Vickery knows that because he downloaded the unprotected database as proof and reported the problem to uKnowKids; Salted Hash’s Steve Ragan has seen screenshots and confirmed the database has been exposed for “at least 48 days.”

Woda posted two of “hacker” Vickery’s IP addresses in a UknowKids breach announcement, which seems ridiculously vindictive coming from an alleged leader in “Internet safety and security;” he added, “The hacker claims to be a ‘white-hat’ hacker which means he tries to obtain unauthorized access into private systems for the benefit of the ‘public good’” and the firm is attempting to validate Vickery’s “benign intentions.” One of the lessons learned from this breach, according to Woda, is that “there are bad actors out there on the Internet and in our digital world that seek to exploit the vulnerabilities of our kids, our families, and our organizations for their own personal benefit.”

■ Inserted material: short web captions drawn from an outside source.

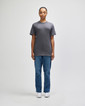 Sueded Unisex T-Shirt (Sueded Asphalt)
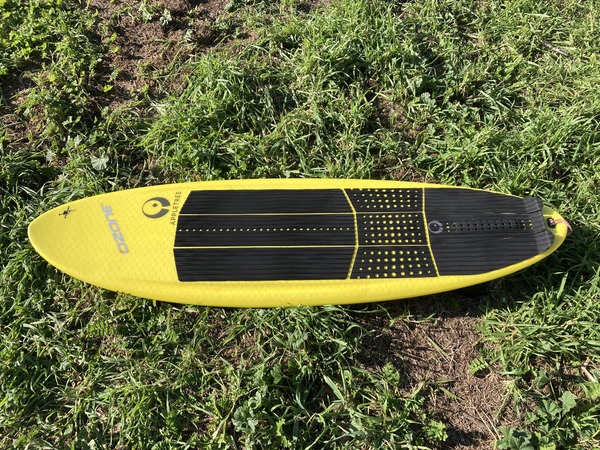 Appletree Surfboards - Appleflap 5.2 21lt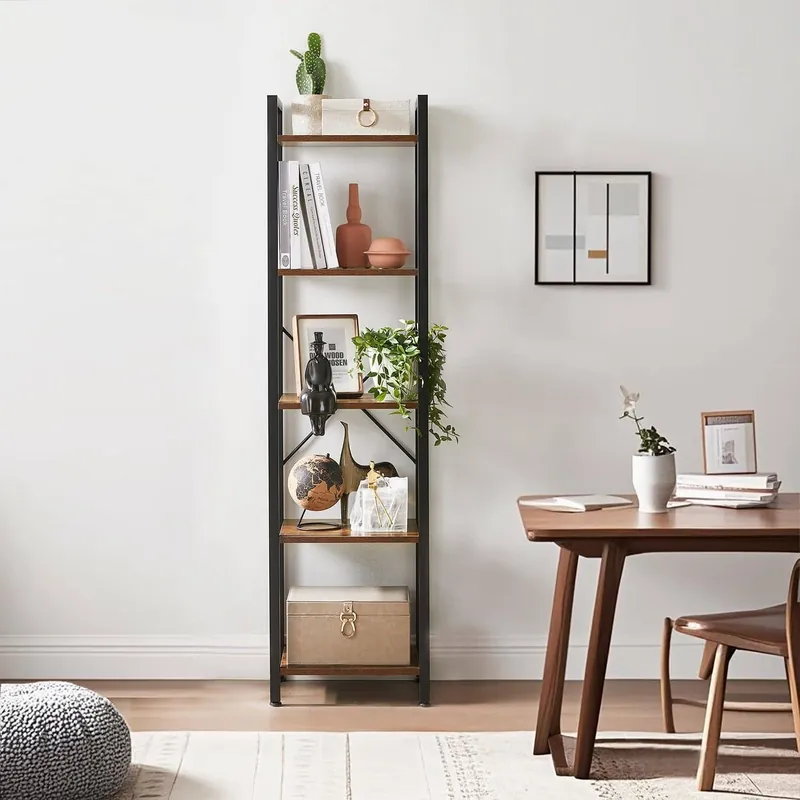 Solange Der Vorrat Reicht Regal, Bücherregal, Standregal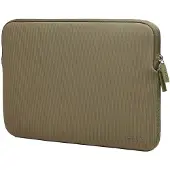 Trunk Zwartile MacBook 13 Inch Sleeve Groenbrush Groen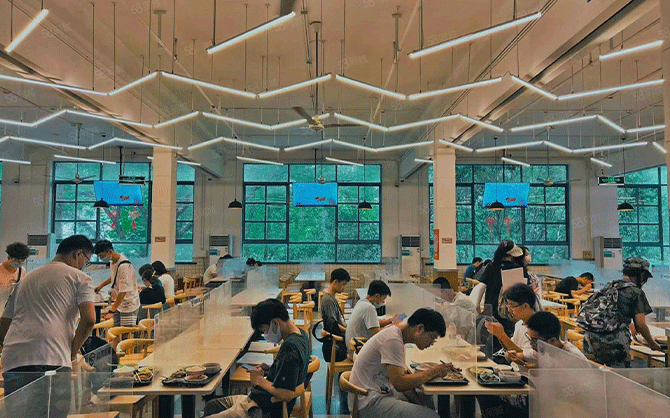 福清食堂承包方案，滿足不同企業(yè)的用餐需求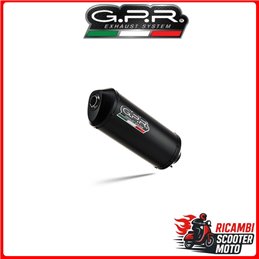 TERMINALE CON RACCORDO HONDA NC 700 X - S DCT  2012-2018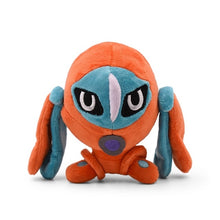 Cargue la imagen en el visor de la galería, compre Pokémon de felpa de Deoxys (aprox. 12 cm / 15 cm)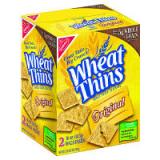 (image for) Wheat Thins 40 Oz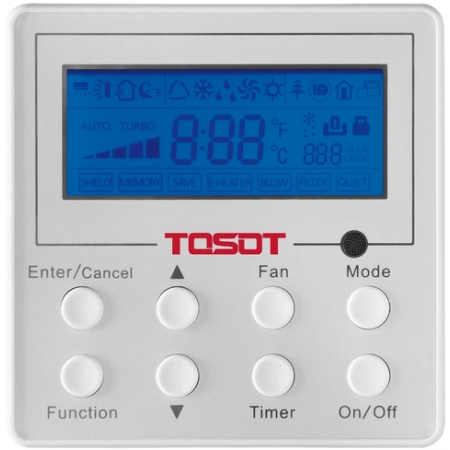 Кондиционер, сплит-система Tosot T18H-ILD/I/T18H-ILU/O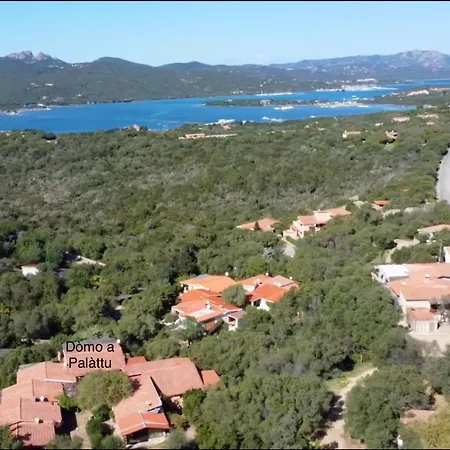 Holiday home Domo A Palattu Casa Vista Mare A Porto Rotondo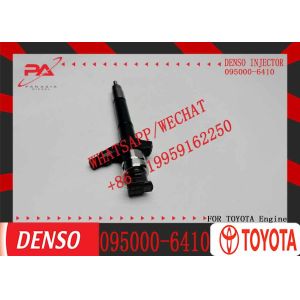 injector nozzle 23670-0R030 23670-09240 injector for Toyota 1AD-FTV common rail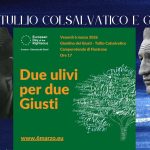 Giornata dei Giusti: Camporotondo rende omaggio a Tullio Colsalvatico e Gino Bartali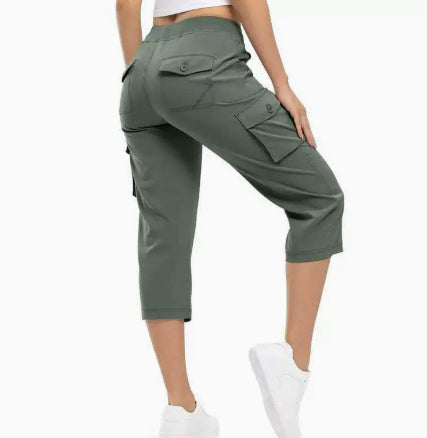 Leichte Outdoor-Shorts für Damen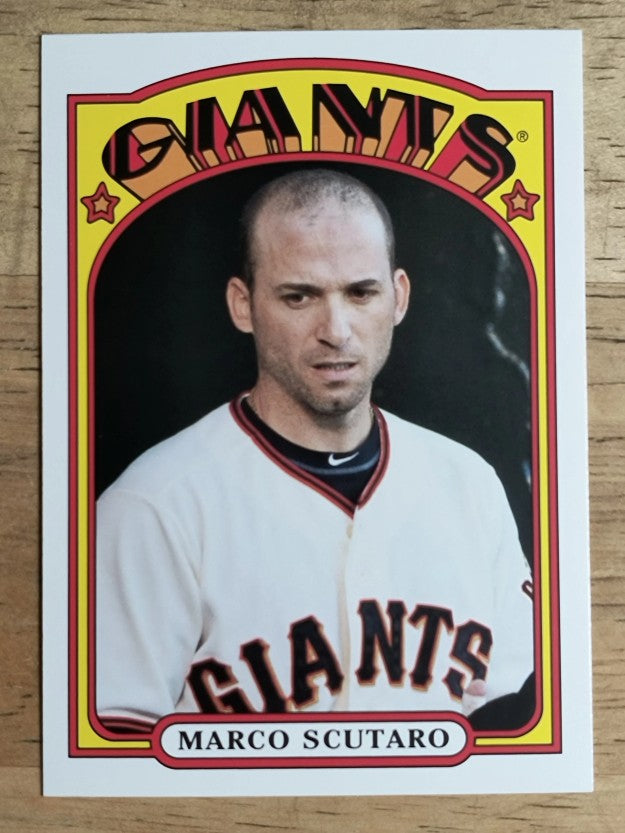 2013 Topps Archives #4 Marco Scutaro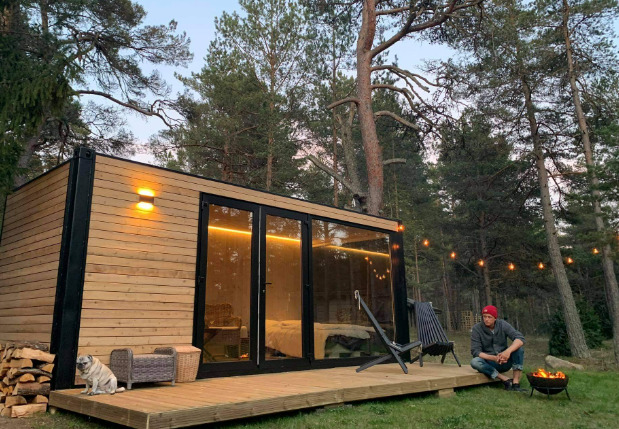 storage container tiny home2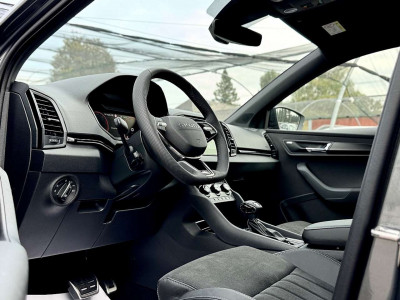 Skoda Karoq Tageszulassung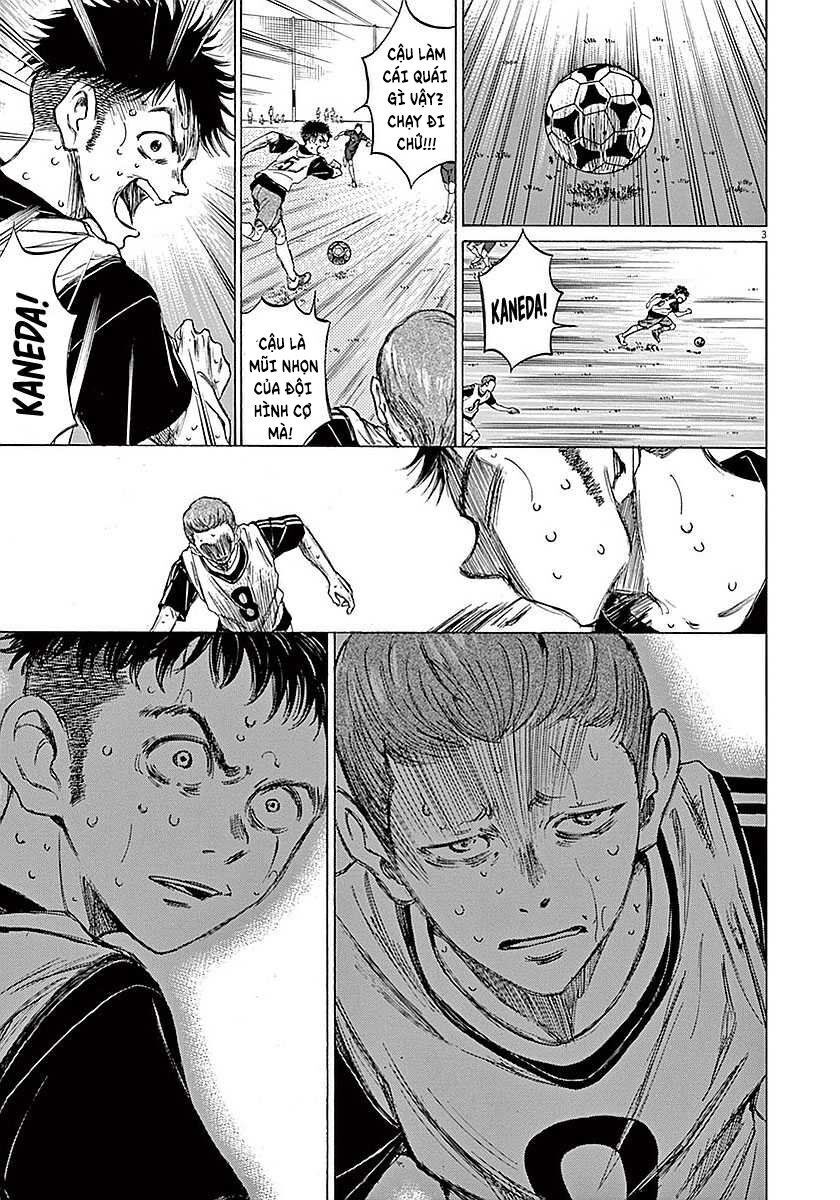 Thiên Tài Bóng Đá Ashito Chapter 14 - Trang 2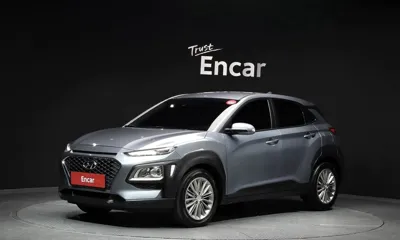 Hyundai Kona · 2020 год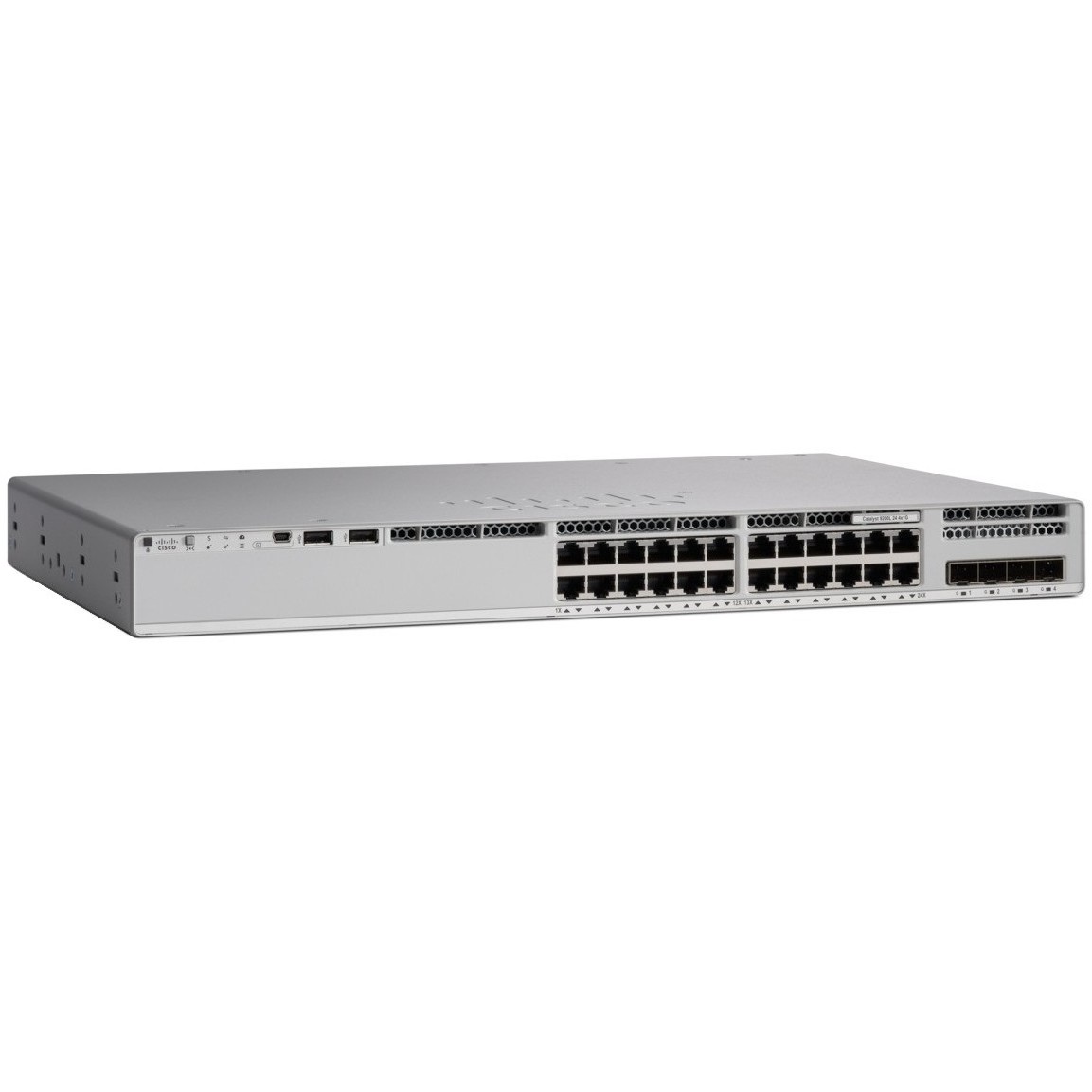 Preklopnik Cisco C9200L 24-PORT 8XMGIG 16X1G-0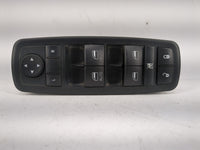 2018-2019 Dodge Journey Master Power Window Switch Replacement Driver Side Left P/N:68139805AB Fits Fits 2013 2014 2018 2019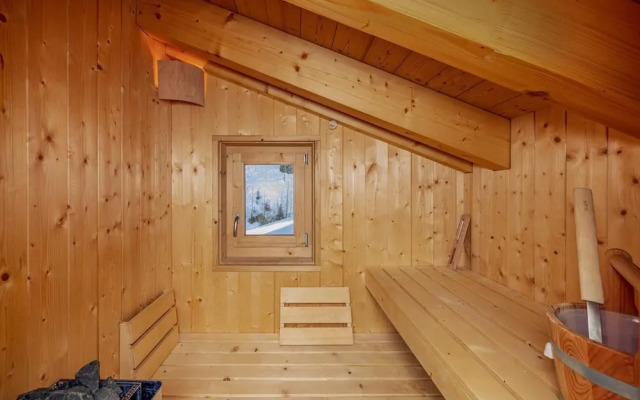 Chalet 18 Îles Luxury Chalet With Sauna La Tzoumaz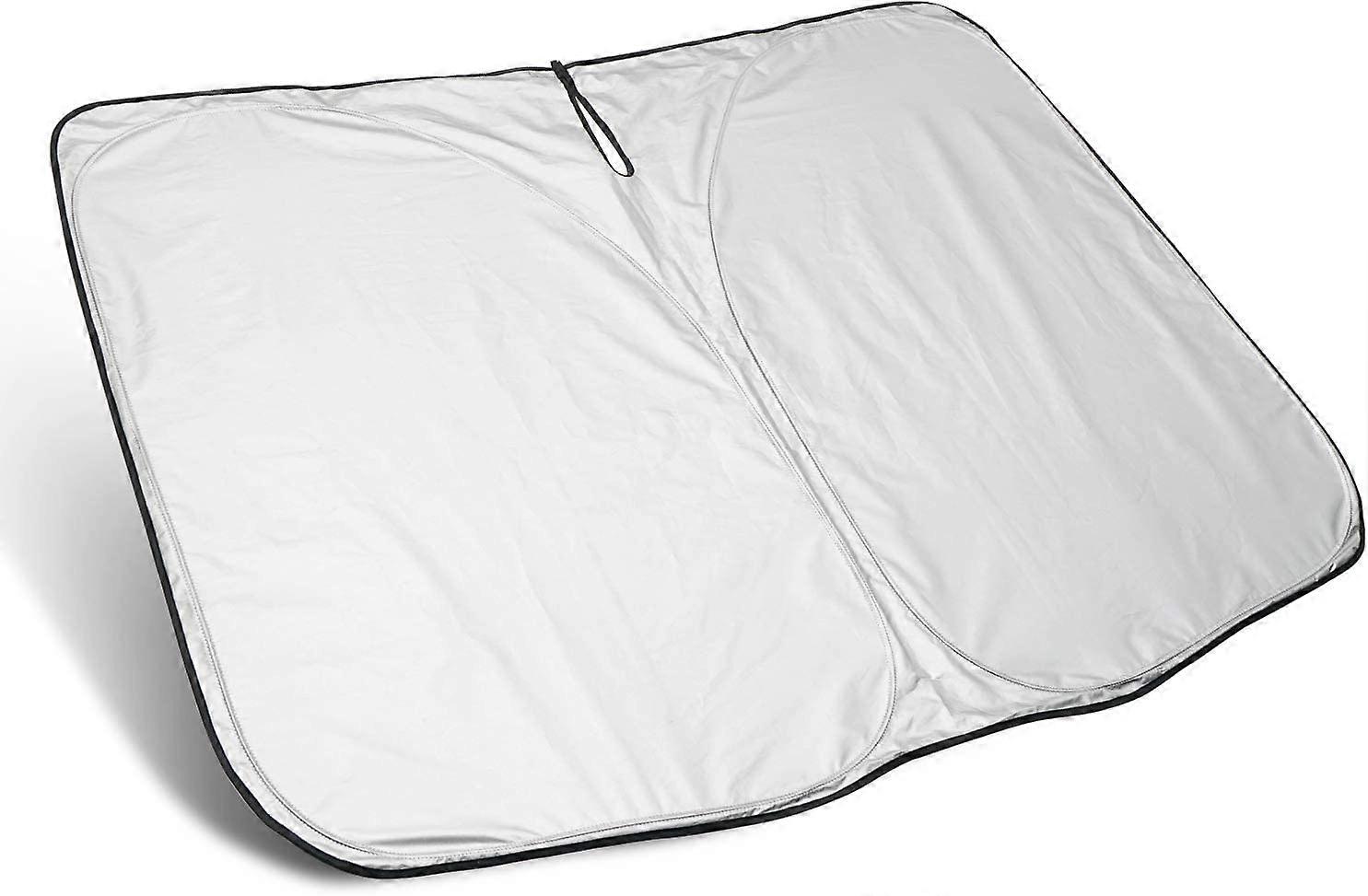 Foldable Car Windshield Sun Shade UV Protection Full Coverage for Toyota Alphard 20092014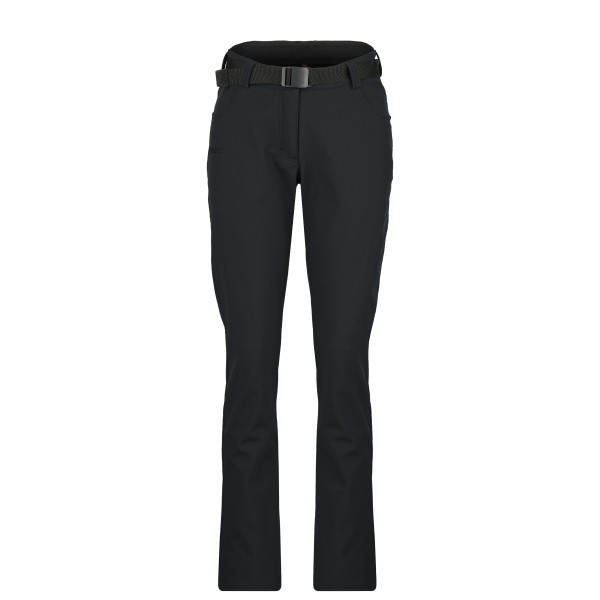 Maier Sports - Women's Perlit - Winterhose Gr 50 - Regular schwarz von maier sports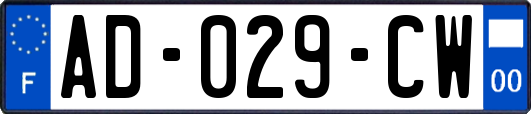 AD-029-CW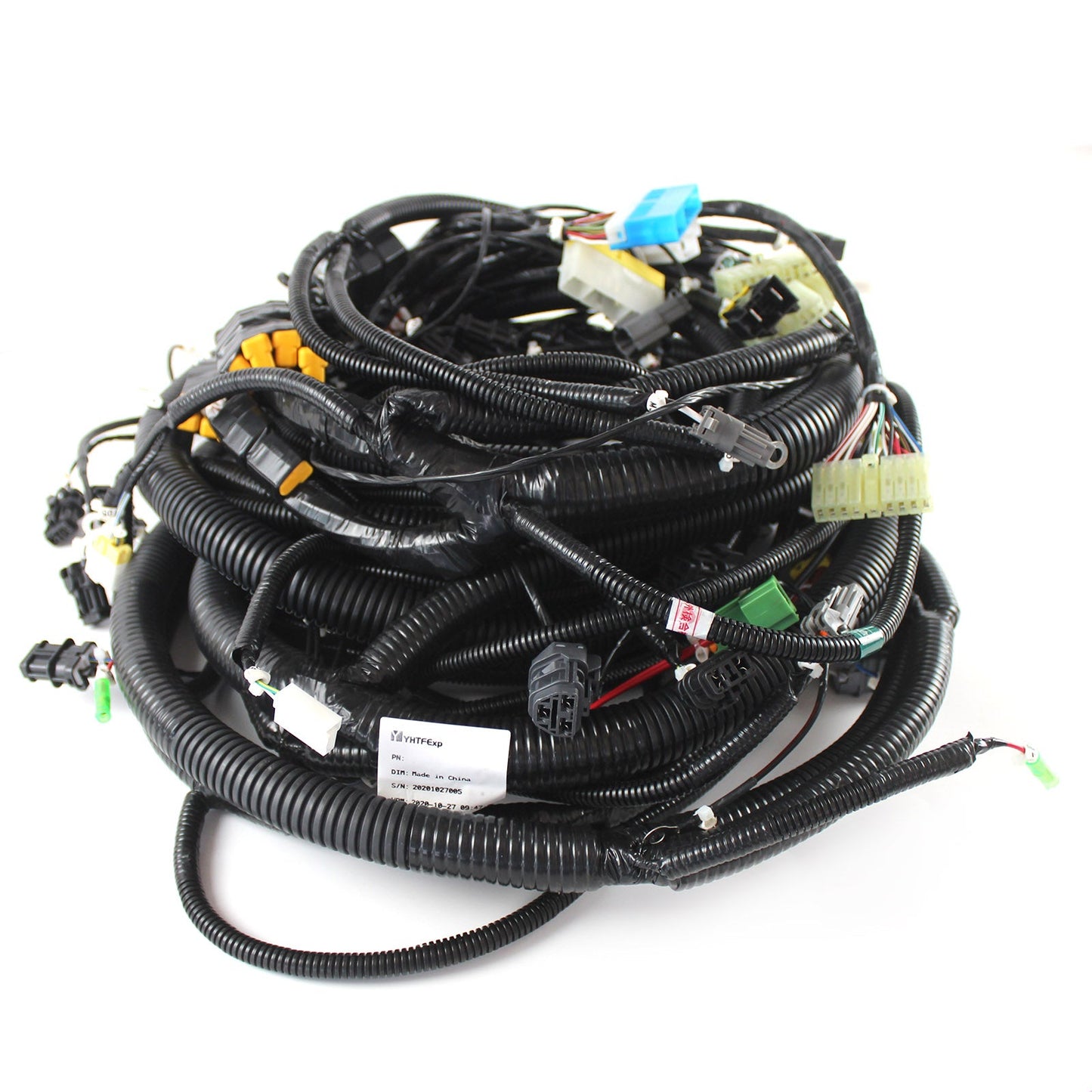 20Y-06-22131 Main Wiring Harness for Komatsu PC200-6 PC220-6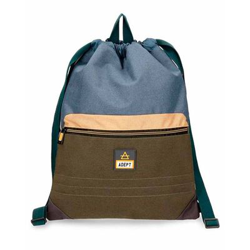 Gymsack Camper Adept, Verde 42cm en oferta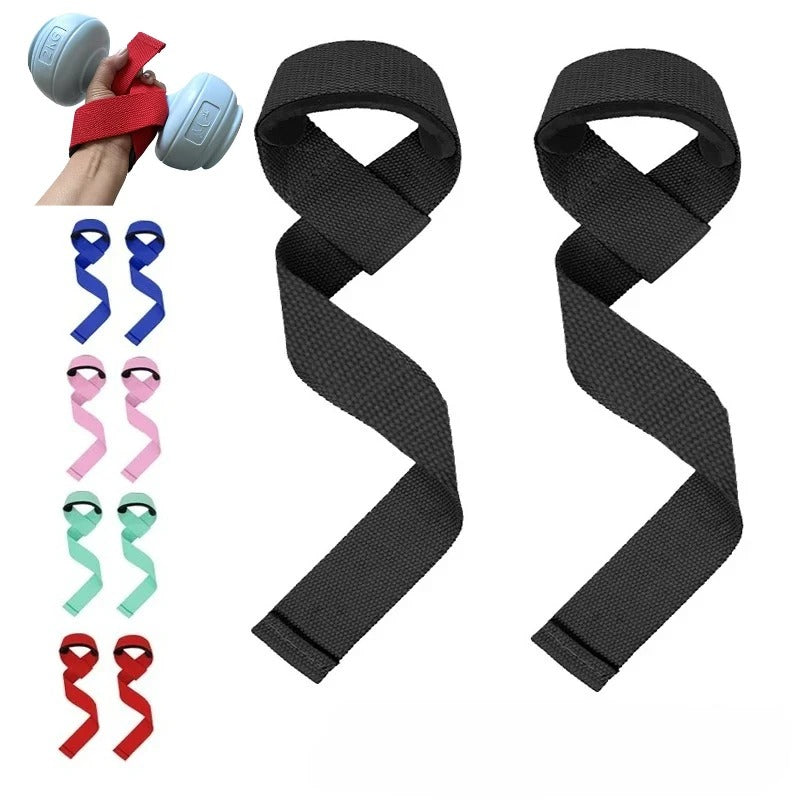 Weightlifting Wrist Support Straps - Cozify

In return, Vickery noted that uKnowKids, which “claims to make ‘parenting easier and keep kids safe online,’ did just the opposite since “one of the uKnowKids databases was configured for public access, requiring no level of authentication or password and providing no protection at all for this data.” He finds nothing reasonable about a company bound by COPPA giving “public open, unfettered access to a database containing detailed child information.”

Woda takes issue with Vickery’s “unauthorized access” and demanded for Vickery to delete the database and all screenshots. Vickery told Ragan that he securely deleted the database, redacted PII in the screenshots, and kept some of the screen caps “for purposes of credibility and to keep uKnowKids (minimally) honest in their claims.”

The BBC reportedly saw screenshots which included “a family picture of a woman in a car with three small children, lists of usernames and email addresses and folders with names like ‘childicloudimages’ and ‘childfacebookaccounts’.”

If you are a journalist and want more details from uKnowKids, good luck with that. Woda allegedly told Vickery that if any news outlet reported on the breach, the site “could face liability under COPPA (a claim which is, of course, preposterous).” From Woda directly, uKnowKids “will be happy to share appropriate levels of information with you time permitting. You will obviously be a lower priority than our customers and the authorities, but you can count on us to share the relevant facts on this blog as they are discovered.”

The insecure database was secured 90 minutes after Vickery notified uKnowKids. Woda said the “alleged data breach affected about 0.5% of the kids;” the database also contained “uKnow's proprietary natural language processing engine technology and data including our proprietary algorithms that power uKnow's technology.” The company reported the security snafu to the FTC, hired forensic investigators and two pen testing firms to poke around for more potential holes, as well as started handing out “Norton Safe Shopping Guarantees” for new customers.

It’s easy to see why a company would be upset and fear for the longevity of their business, but if you fail to password-protect a database, then someone discovers and reports it to you, step up and take responsibility instead of attacking the person who embarrassed you on your blog which you describe as “a widely-read, authoritative source of information in the Internet Safety and Security world.” An expert should realize that the database chalked full of personal info on kids and proprietary software could have landed in the hands of a true bad actor who wouldn’t bother to notify you after grabbing all the data.